Two New Bank Breaches ReportedPNC, Fifth Third Reveal Incidents Involving Debit Cards Two new breaches of debit card data have been reported by a pair of Ohio-based banks, raising the total number of banking-related data breaches to 22 so far this year.
The first incident occurred with debit cards held by the former customers of Cleveland, OH-based National City Bank, now owned by PNC Financial Services. The second breach, at an unidentified third-party vendor of Fifth Third Bank, has caused the bank to replace affected debit cards for customers in Ohio and Michigan.
Here are the details currently available about these incidents:
National City Bank Hacked
Pittsburgh, PA-based PNC Financial Services says that only former National City Bank debit accounts were compromised in a system wide breach. National City Bank, based in Cleveland, OH was acquired by the $270 billion asset PNC in December 2008.
PNC spokesperson Fred Solomon says current PNC customers were not affected, and the National City Bank debit cards impacted were only in the Cincinnati, OH area. The bank says the customers' debit cards were compromised shortly before the acquisition occurred in 2008. Bank officials were made aware of the data breach last week, says Solomon, who wouldn't say how many customer accounts were compromised or how much money was taken. All open accounts are under enhanced surveillance, Solomon says.
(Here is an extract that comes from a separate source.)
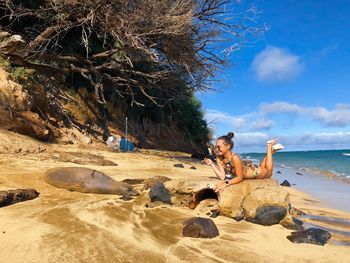 People sitting on rock by sea against sky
Vendor Caused Fifth Third Card Compromise
A security breach through a third-party vendor has prompted Fifth Third Bank, Cincinnati, OH, to send new debit cards to an undisclosed number of banking customers in Michigan and Ohio. Fifth Third Bank has banking branches in 12 states.
The vendor was not identified, according to Stephanie Honan, media spokesperson for the bank, but last week a limited number of affected customers were sent new cards and a notification letter that stated the debit cards "may have been compromised," yet that other personal data, including Social Security numbers, was not accessed.
Honan wouldn't disclose how many customers were affected, and adds that the card replacements were done as part of the $113 billion asset bank's ongoing monitoring for fraudulent card activity. Honan says no customer suffered any losses, and there was no risk of identity theft.